• [GOAL OF THE EXERCISE]:
Go to the line that contains "Repose-Pieds Ergonomique PP" in the records below and repeat it, and each line after it, exactly through the end, omitting pictures.

(Dataset records)
════

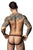 Male Power 349-299 Soo Cumfy Jock Color Navy-Orange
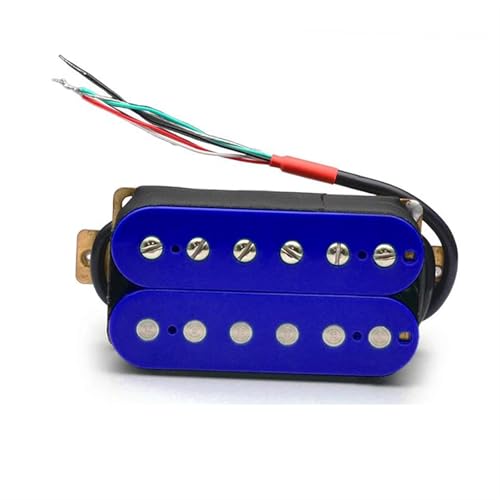 エレキギターピックアップ エレキギターピックアップ コイルスプリットピックアップ ハムバッキングピックアップ 4導体ケーブル N-7.5K/B-15K 出力 ディープブルー(Neck)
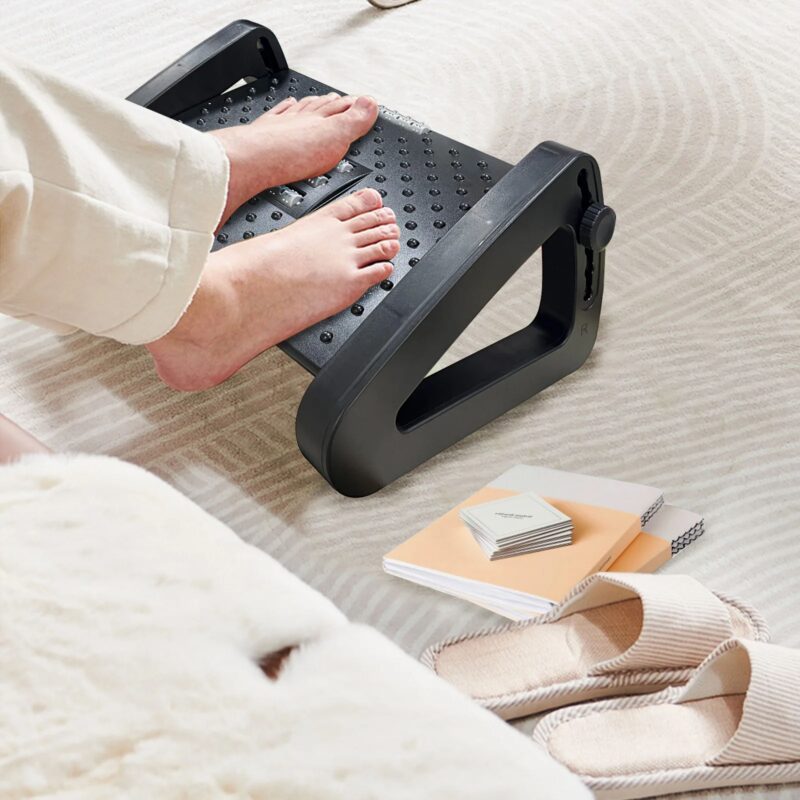 Repose-Pieds Ergonomique PP 6 Hauteurs 16.5x12.2" Surface Massage Antidérapant – Image 5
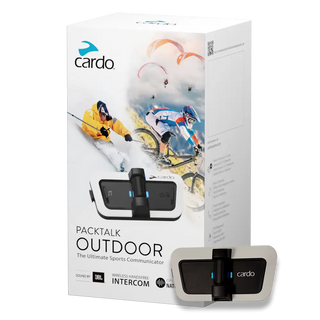 Cardo PACKTALK OUTDOOR (JBL Audio) Bluetooth Intercom - WHITE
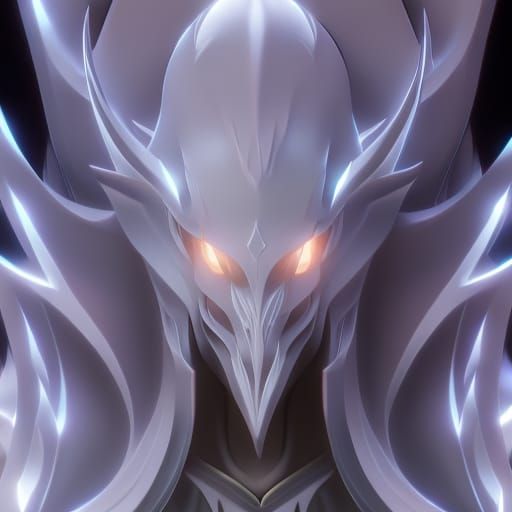 Demonic Eldritch White Hart Portrait in Unreal Engine 5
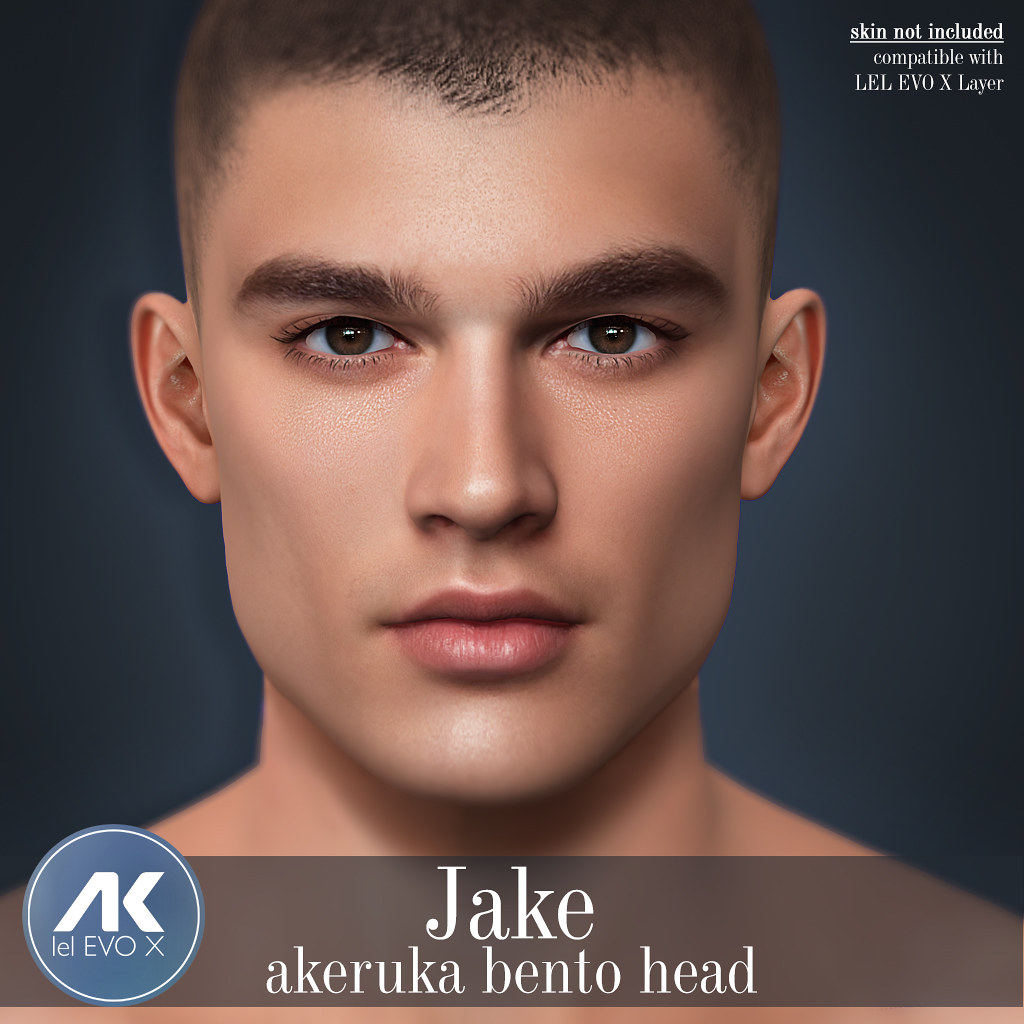NEW Akeruka Male Head Jake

════

• [YOUR RESPONSE]:
 Repose-Pieds Ergonomique PP 6 Hauteurs 16.5x12.2" Surface Massage Antidérapant – Image 5
 Cardo PACKTALK OUTDOOR (JBL Audio) Bluetooth Intercom - WHITE
 Demonic Eldritch White Hart Portrait in Unreal Engine 5
NEW Akeruka Male Head Jake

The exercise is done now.